A few weeks back there was a lot chatter from the usual talking heads about Facebook's new graph technology-related announcement. As usual, I have not heard anything about the immense potential of graph, which is more or less the core of facebook's immense technology potential. My sense is that if I was Oracle, I would immensely concerned about the innovations in data technology of Google and Facebook. For those who know how to write code, I would suggest you play a little with the graph APIs, most of which have been available for many years. It is also a technical read, but a really fascinating in-depth dive into Facebook technology: the social graph.

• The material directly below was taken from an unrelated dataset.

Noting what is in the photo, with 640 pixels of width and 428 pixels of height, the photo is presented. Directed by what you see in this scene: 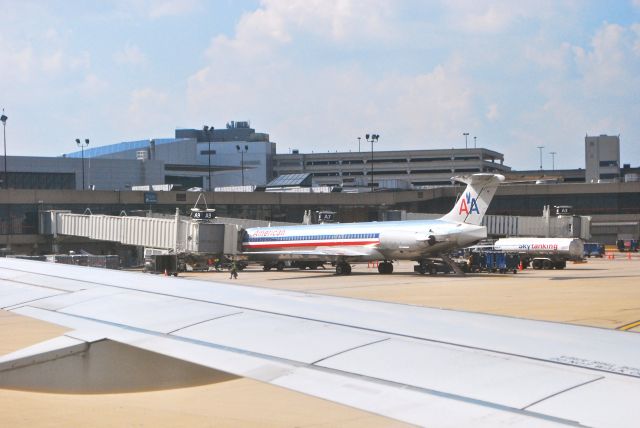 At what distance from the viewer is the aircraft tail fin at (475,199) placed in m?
50.8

I remember talking about the value of Graph in June 2011 to a banker analyst friend who had a sell rating on the company's stock. Obviously I was right ... Here is also an interesting point of view that ties up Graph with big data ... Let's just say that some are slower than others ;-)
Why Facebook's Graph Search Really Does Matter: Big Data + NLP
[Reproduced from Forbes]
By Marrying big data with natural language, Mark Zuckerberg will know more about you than your closest friends. Ever since Facebook unveiled its Graph Search last month, pundits have opined that it’s everything from a “killer app” that will crush companies ranging from Google to Yelp to a powerful new ad targeting technology to nothing more than a glorified extension of the “like.” In reality, it is none of these things.
Facebook, after all, is a generalized social network and can’t hope to compete with Google’s long commitment to, and expertise in, search, nor can it hope to unseat specialized services like Yelp. I very much doubt it will bring measurable lift to ad targeting efficiency (social activity is just one of a plethora of behaviors tracked) and it certainly is much more than an extension of the “like.”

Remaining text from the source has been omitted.